Exercise aim |
Tally every line of the material where "Used" occurs, then write the total by itself.
* * *
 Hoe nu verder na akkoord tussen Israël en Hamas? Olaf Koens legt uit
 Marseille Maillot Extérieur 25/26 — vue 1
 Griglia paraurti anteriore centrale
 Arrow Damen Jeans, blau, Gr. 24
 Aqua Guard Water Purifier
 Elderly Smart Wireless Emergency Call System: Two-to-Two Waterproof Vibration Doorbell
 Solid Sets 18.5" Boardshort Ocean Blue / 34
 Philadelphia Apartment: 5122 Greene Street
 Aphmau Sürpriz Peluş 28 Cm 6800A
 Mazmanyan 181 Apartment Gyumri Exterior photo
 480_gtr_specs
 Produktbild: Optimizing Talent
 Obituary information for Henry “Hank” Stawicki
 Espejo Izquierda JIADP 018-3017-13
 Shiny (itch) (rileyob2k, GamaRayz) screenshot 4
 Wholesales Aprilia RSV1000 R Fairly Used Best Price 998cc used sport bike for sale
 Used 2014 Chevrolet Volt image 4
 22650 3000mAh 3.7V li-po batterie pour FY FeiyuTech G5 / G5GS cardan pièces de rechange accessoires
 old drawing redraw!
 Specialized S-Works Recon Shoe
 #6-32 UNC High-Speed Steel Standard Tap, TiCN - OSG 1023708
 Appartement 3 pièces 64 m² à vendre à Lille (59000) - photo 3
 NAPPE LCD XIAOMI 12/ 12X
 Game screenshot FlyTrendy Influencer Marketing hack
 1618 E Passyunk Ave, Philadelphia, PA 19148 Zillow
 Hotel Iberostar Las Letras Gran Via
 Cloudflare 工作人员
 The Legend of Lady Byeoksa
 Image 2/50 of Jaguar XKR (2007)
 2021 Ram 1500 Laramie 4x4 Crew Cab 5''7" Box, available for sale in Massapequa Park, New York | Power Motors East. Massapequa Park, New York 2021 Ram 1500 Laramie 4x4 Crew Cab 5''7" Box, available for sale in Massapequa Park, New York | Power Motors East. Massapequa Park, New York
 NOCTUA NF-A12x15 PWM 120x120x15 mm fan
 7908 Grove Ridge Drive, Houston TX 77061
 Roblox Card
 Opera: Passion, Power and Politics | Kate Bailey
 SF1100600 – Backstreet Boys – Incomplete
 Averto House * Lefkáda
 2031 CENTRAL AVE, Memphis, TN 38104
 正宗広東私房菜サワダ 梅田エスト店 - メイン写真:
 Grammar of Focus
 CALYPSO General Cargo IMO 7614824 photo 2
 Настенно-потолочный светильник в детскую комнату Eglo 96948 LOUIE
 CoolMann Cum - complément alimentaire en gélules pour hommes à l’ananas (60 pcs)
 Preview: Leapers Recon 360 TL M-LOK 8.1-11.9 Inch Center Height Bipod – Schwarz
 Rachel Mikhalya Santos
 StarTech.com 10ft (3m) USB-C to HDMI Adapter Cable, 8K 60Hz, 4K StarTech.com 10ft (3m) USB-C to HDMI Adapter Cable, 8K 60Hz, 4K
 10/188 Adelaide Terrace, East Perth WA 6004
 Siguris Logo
* * *
Exercise answer |
2